(Saved data entries)
* * * *
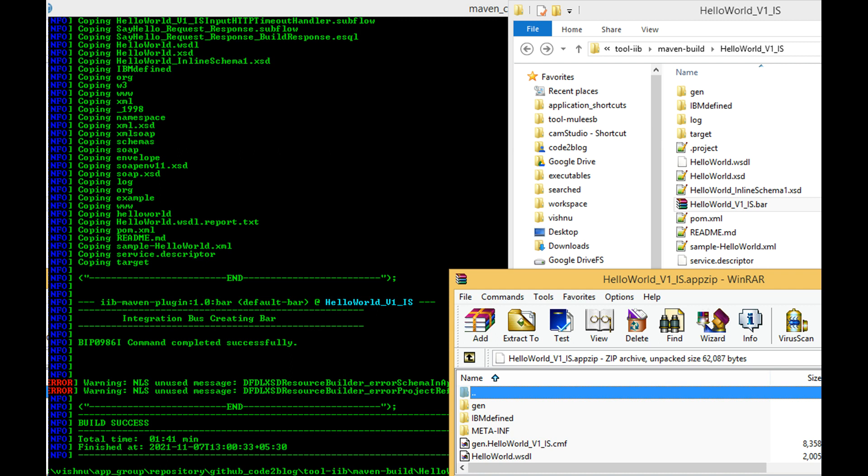Now execute Maven package command. Bar file should be created.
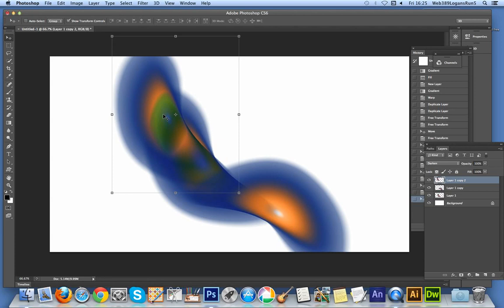At this point, you can again go back to the warp tool and warp the design again to create even more oddball gradient designs.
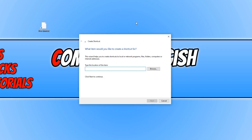Once this window opens, you now need to type in shutdown.exe, then go space hyphen and r for restart, or s for a shutdown. I'm going to go ahead and use -s which will shut down my machine.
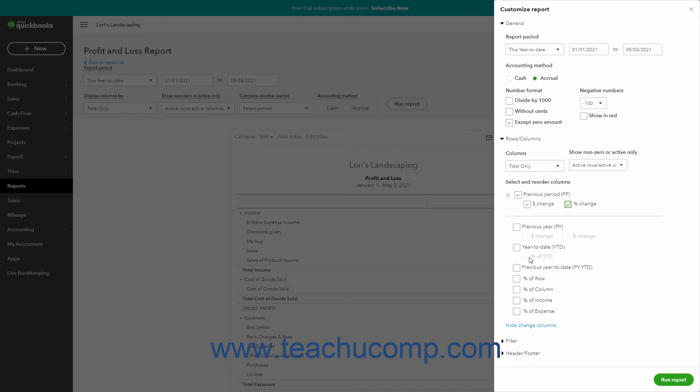Check those checkboxes too. If available, to add columns that break down the percentage each row or column contributes to the total, or the percentage each income or expense account contributes to the total, check the percent of row, percent of column, percent of income, and/or the percent of expense checkboxes.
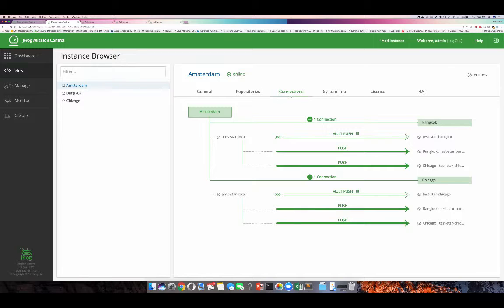In the Connections tab, Amsterdam is pushing artifacts to Bangkok and Chicago. Under multi-push, artifacts are pushed from Amsterdam star local to test_star_Bangkok and test_star_Chicago. It would have taken days to set up this topology manually — dealing with network connections, artifact details, repositories, users, and more. With Mission Control and a single script, you can execute and visualize the process. You can monitor the logs to verify the multi-push is working, and Artifactory and Mission Control are fully REST API enabled for full automation.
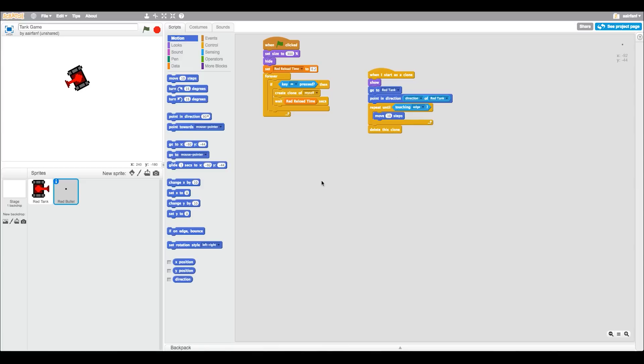What is up, it's MicGuy here and this is part 3 of the tank game in Scratch that we did last time. This is also day 3 of the daily upload for a week and it's going pretty smooth so far, so I hope it stays like that.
* * * *
> [Assignment] No picture belongs in the copy. Print every entry above exactly as it stands.

> [Result of this task]
Now execute Maven package command. Bar file should be created.
At this point, you can again go back to the warp tool and warp the design again to create even more oddball gradient designs.
Once this window opens, you now need to type in shutdown.exe, then go space hyphen and r for restart, or s for a shutdown. I'm going to go ahead and use -s which will shut down my machine.
Check those checkboxes too. If available, to add columns that break down the percentage each row or column contributes to the total, or the percentage each income or expense account contributes to the total, check the percent of row, percent of column, percent of income, and/or the percent of expense checkboxes.
In the Connections tab, Amsterdam is pushing artifacts to Bangkok and Chicago. Under multi-push, artifacts are pushed from Amsterdam star local to test_star_Bangkok and test_star_Chicago. It would have taken days to set up this topology manually — dealing with network connections, artifact details, repositories, users, and more. With Mission Control and a single script, you can execute and visualize the process. You can monitor the logs to verify the multi-push is working, and Artifactory and Mission Control are fully REST API enabled for full automation.
What is up, it's MicGuy here and this is part 3 of the tank game in Scratch that we did last time. This is also day 3 of the daily upload for a week and it's going pretty smooth so far, so I hope it stays like that.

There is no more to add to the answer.